MASTER_AUTO_POSITION being reset to 0 after graceful-master-takeover #508

shlomi-noach · 2018-05-20T09:22:40Z

On behalf of @almeida-pythian, cross post from outbrain-inc/orchestrator#304

Hi @shlomi-noach , I think I might have found a bug during graceful-master-takeover process.
All slaves, prior to graceful-master-takeover starting, have the following: Auto_Position: 1. However, after graceful-master-takeover takes place, Auto_Position is set to 0, and further graceful failovers do not work until I set it back to 1.
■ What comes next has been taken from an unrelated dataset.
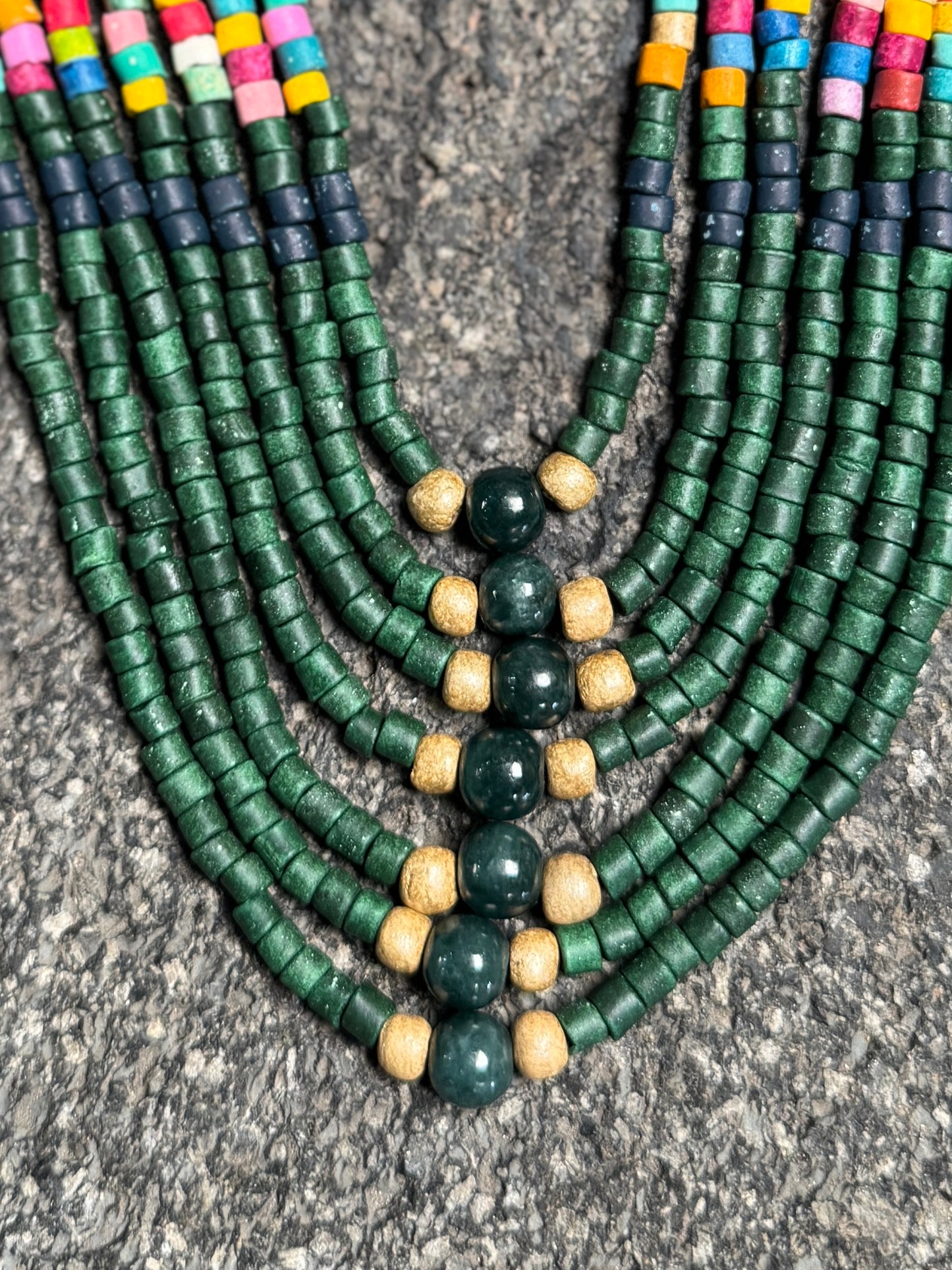 Adjustable Guatemalan Ceremonial Textile Necklace with Jade & Ceramic Beads, seaweed green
I have the following test scenario below:

[root@po-proxysql1 orchestrator]# orchestrator-client -c topology -i po-mysql1:53306
po-mysql1:53306     [0s,ok,5.7.21-21-log,rw,MIXED,>>,GTID]
+ po-mysql2:53306   [0s,ok,5.7.21-21-log,ro,MIXED,>>,GTID]
+ po-mysql3:53306   [0s,ok,5.7.21-21-log,ro,MIXED,>>,GTID]
  + po-mysql4:53306 [0s,ok,5.7.21-21-log,ro,MIXED,>>,GTID]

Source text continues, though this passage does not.